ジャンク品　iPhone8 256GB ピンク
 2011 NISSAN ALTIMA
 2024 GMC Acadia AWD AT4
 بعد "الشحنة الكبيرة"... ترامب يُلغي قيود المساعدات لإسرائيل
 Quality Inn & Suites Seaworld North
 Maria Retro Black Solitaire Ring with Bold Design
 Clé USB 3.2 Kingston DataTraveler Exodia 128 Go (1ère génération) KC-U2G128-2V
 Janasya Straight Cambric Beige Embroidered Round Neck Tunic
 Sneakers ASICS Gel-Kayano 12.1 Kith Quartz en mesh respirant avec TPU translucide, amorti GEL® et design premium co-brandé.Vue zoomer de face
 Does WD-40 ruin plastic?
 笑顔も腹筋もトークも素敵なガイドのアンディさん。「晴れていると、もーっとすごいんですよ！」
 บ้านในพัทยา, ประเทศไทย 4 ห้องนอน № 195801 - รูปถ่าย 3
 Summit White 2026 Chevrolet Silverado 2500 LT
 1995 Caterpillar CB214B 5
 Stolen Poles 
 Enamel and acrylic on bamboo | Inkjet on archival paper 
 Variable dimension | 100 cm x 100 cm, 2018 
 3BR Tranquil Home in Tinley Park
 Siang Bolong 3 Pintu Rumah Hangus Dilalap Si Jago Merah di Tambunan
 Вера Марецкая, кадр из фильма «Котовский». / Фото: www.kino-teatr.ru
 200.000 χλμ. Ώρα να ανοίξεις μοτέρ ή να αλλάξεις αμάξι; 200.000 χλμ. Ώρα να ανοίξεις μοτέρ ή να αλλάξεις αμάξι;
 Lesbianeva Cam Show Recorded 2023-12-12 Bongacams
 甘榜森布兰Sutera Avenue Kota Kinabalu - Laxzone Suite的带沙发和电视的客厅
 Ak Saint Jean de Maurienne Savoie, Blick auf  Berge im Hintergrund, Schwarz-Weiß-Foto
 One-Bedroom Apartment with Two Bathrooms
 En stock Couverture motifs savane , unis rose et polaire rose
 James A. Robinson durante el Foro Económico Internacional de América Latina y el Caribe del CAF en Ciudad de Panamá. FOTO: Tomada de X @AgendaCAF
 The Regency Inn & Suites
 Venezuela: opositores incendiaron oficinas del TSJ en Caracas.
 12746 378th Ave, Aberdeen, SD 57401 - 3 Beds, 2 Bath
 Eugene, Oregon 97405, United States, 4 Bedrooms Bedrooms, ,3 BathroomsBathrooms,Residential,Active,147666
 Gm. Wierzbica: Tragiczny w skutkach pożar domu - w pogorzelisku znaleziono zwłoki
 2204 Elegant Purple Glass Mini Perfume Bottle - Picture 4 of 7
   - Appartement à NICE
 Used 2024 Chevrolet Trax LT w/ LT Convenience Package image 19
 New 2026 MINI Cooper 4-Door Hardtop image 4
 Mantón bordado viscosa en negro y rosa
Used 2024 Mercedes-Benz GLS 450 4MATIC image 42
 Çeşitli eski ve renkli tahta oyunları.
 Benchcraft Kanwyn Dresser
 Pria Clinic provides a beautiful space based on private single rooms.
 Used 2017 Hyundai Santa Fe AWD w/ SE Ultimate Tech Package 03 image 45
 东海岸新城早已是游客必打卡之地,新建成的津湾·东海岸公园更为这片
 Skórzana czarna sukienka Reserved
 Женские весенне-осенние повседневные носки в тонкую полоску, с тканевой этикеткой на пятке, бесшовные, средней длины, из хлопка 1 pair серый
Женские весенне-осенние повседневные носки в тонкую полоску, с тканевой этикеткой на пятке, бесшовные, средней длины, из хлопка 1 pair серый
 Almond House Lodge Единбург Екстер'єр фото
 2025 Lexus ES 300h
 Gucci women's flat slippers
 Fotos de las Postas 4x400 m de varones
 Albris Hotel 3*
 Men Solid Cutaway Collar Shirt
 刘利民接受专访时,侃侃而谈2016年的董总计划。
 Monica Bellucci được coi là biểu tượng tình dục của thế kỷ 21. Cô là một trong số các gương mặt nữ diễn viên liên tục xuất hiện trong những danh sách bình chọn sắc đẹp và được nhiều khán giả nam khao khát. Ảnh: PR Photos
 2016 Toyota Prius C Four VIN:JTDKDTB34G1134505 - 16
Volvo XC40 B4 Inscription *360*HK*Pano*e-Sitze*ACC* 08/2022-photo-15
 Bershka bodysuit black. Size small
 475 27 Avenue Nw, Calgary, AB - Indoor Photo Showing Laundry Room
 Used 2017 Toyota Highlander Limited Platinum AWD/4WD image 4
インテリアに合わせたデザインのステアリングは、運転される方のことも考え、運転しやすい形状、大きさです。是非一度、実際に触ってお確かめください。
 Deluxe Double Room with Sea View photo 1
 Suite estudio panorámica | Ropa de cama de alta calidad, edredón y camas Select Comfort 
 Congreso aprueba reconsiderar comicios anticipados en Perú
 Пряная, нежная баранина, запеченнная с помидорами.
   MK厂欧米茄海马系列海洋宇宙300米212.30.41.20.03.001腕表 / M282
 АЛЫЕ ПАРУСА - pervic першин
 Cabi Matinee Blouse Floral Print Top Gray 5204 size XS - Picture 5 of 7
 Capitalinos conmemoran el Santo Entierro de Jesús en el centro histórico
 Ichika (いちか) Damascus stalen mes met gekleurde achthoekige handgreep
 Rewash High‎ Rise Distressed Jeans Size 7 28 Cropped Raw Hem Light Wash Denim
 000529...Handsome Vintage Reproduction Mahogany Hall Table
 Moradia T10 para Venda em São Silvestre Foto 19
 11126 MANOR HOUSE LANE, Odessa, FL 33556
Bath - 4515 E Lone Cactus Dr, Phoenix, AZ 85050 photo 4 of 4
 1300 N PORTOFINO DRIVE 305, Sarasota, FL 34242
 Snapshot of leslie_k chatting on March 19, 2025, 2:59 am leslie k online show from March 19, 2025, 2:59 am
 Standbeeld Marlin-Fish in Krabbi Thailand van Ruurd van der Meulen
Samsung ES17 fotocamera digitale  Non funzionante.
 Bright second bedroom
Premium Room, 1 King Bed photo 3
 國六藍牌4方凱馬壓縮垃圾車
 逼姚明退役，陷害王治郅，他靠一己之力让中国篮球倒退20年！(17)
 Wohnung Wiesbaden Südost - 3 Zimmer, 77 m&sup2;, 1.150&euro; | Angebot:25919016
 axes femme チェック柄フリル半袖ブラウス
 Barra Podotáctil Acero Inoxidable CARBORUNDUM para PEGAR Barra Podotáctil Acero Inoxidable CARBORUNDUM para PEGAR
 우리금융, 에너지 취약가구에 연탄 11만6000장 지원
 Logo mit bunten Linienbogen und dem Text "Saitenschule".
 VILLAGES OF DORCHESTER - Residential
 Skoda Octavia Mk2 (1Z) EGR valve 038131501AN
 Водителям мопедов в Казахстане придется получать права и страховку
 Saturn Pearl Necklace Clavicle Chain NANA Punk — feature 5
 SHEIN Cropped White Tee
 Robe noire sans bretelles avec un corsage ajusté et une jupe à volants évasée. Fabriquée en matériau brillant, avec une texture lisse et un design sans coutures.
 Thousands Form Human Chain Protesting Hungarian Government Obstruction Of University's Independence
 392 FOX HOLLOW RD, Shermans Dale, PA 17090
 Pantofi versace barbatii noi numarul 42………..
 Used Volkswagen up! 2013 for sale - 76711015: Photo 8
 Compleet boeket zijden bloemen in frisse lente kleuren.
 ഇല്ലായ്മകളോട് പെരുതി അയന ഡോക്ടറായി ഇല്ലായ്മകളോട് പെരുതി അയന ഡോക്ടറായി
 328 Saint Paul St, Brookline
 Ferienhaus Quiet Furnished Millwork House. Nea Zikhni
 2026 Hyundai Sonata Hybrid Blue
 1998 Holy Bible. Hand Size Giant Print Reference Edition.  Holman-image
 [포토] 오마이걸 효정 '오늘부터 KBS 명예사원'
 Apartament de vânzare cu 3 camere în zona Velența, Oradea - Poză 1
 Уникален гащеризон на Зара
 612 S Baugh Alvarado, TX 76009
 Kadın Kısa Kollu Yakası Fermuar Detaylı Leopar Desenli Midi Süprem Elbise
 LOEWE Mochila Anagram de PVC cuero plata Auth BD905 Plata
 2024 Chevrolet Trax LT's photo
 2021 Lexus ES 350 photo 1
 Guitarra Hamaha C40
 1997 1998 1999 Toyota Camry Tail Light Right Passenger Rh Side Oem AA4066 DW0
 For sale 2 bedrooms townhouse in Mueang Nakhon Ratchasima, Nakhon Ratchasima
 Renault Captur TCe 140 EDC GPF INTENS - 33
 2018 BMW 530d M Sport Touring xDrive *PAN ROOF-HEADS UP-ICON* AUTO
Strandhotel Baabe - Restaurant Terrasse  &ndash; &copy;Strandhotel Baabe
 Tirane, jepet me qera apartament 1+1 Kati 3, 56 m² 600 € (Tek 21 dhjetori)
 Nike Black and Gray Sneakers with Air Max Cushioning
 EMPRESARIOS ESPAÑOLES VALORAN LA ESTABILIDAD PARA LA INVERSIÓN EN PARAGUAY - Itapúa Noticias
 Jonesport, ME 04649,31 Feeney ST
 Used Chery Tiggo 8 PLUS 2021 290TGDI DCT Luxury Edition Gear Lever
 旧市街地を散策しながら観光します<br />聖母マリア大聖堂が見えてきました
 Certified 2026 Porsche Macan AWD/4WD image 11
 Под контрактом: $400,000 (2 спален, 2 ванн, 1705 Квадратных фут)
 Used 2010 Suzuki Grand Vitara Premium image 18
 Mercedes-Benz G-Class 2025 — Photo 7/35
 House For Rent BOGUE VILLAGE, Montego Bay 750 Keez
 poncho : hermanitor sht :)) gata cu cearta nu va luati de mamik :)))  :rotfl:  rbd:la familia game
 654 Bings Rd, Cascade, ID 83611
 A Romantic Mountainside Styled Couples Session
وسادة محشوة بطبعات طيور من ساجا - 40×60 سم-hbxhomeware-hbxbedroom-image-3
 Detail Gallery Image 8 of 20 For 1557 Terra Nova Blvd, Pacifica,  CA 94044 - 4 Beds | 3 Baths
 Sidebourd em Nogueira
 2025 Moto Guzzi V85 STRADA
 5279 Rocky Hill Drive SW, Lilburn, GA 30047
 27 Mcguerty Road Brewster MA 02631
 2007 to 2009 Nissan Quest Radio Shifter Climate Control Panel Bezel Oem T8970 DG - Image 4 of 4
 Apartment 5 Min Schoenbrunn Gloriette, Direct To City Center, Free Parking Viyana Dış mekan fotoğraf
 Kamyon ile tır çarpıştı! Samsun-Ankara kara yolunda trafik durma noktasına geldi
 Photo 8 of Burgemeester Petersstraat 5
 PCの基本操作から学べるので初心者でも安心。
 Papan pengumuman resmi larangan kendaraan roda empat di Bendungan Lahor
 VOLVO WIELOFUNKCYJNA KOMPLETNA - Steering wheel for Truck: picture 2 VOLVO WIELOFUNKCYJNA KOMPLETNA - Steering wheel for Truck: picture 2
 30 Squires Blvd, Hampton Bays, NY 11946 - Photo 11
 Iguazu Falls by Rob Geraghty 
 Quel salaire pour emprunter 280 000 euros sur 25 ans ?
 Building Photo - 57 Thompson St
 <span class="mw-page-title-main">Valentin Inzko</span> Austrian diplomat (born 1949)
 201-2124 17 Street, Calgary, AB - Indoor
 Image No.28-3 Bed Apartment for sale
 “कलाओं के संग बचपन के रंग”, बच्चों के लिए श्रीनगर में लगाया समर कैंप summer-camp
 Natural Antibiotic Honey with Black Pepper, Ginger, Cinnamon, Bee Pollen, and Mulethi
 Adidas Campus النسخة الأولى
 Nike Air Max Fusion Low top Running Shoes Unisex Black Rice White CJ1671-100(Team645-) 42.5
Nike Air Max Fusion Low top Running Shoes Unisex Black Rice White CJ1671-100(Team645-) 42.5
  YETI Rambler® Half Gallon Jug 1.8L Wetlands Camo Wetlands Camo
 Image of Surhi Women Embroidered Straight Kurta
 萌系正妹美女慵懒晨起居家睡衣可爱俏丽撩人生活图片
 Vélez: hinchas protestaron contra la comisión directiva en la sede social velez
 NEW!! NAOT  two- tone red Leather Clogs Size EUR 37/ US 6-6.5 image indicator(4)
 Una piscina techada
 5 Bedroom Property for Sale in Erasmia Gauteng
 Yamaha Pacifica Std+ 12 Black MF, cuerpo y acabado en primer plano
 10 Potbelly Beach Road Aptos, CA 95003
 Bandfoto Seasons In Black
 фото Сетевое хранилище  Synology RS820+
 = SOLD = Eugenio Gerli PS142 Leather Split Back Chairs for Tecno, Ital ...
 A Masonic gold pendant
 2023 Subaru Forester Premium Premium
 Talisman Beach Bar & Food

☆ ☆ ☆

● **Directions for this task**
What belongs in the answer is each line from the listing above that contains "Chain".

● **Task solution**
 Saturn Pearl Necklace Clavicle Chain NANA Punk — feature 5
 Thousands Form Human Chain Protesting Hungarian Government Obstruction Of University's Independence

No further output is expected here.